Multimodal Learning
Vision-Language and Multimodal Pretraining
My research focuses on the intersection of computer vision and natural language processing, particularly in the area of multimodal learning. This includes:
- Vision-Language Pretraining: Developing efficient models that can understand both visual and textual information
- Multimodal Understanding and Reasoning: Creating systems that can reason across different modalities
- Efficient Modeling: Optimizing model architectures for better performance and reduced computational cost
- Self-Supervised Learning: Leveraging unlabeled data to improve model performance



Key Research Areas
Vision-Language Pretraining
Developing large-scale models that can understand and generate content across visual and textual modalities. This includes work on image captioning, visual question answering, and cross-modal retrieval.
Efficient Modeling
Focusing on creating more efficient model architectures that reduce computational requirements while maintaining or improving performance.

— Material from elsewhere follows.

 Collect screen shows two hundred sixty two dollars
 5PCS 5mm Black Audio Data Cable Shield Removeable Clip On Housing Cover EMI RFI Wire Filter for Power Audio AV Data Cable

This includes work on model compression, knowledge distillation, and architectural innovations.
Self-Supervised Learning
Exploring ways to leverage unlabeled data to improve model performance through self-supervised learning techniques, particularly in multimodal contexts.


Applications
The research has applications in:
- Document Understanding: Processing and understanding complex documents with both text and visual elements
- Content Generation: Creating coherent multimodal content
- Information Retrieval: Finding relevant information across different modalities
- Human-Computer Interaction: Improving how humans interact with AI systems
This work is conducted at Adobe Research, where we focus on both fundamental research and practical applications that can benefit Adobe’s creative tools and services.